When Do Policy Makers Become Concerned

When Do Policy Makers Become Concerned

Unlike the Fed-mandated party line of “transitory inflation”, which was eagerly espoused by the likes of Morgan Stanley and JPMorgan (discussed earlier), Bank of America has breached with Wall Street convention and discussing yesterday’s scorching CPI, the bank’s chief economist says that “very aggressive monetary and fiscal policy has added rocket fuel to the economic reopening” and cautions that in his view ” this is not purely temporary” adding that repeated “one time” price increases and super dovish policy promises are already raising inflation expectations.

Picking up on what we said earlier this week in “Hyperinflation Fears Are Soaring Across America” where among other things we showed the surge in google search for “inflation” (wait until this become stagflation before things get really fun)…

… Harris notes that this is starting to become apparent in both market based measures and consumer surveys.

The end result according to the strategist, is that workers and firms are beginning to incorporate a “cost of living” component in their wage and price demands. That said, the hope is that shortages ease in the fall as supply catches up to demand. Reduced unemployment benefits, the reopening of schools and childcare facilities and less fear of  catching COVID on the job should accelerate the return of workers to the job market. However, Harris concludes, “with more fiscal stimulus coming and the Fed delaying its exit from zero rates, aggregate demand will remain strong and shortages could return quickly.”

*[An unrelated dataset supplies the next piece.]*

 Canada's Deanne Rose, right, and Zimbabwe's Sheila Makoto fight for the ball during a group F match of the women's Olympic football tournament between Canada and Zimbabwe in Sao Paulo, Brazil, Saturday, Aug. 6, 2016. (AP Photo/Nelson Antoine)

So when – if ever – will policy makers become concerned?

With the Fed pledging to wait years before it starts hiking rates, can anything spoil the fun at the Marriner Eccles building even as a tide of stagflation lifts all recessionary boats? According to Harris, fiscal stimulus will continue move forward undeterred despite the recent hot data, while “the disappointing jobs number can be used to justify enacting the full budget proposals.” Meanwhile, for the moment the Fed is staying close to script. “The rise in inflation is purely temporary. Inflation expectations are a lagging indicator. And if and when inflation picks up in earnest we have the tools to deal with it.”

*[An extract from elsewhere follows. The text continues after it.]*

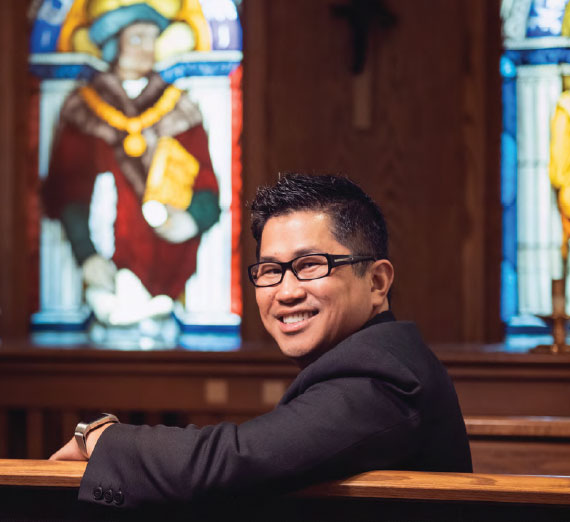 A man smiles while seated in a church, with stained glass windows behind.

So while we wait, the BofA strategist recommends that investors keep a close eye on the various measures of inflation expectations. So far, the bond market appears to have accepted the Fed’s narrative, and while inflation breakevens have moved up in recent months but had muted response to yesterday’s data release, falling modestly on Thursday. Consumer surveys have also picked up, but have yet to fully reverse the drop late in the last business cycle.

Finally, BofA is keeping a close eye on the Michigan measure of inflation expectations 5 to 10 years ahead. It has risen from a low of 2.2% to 2.7% last month. We get the preliminary May number on Friday, and it may notch up another tenth. However, the real test comes later as surveys begin to reflect the press coverage around yesterday’s number and all of the signs of shortages.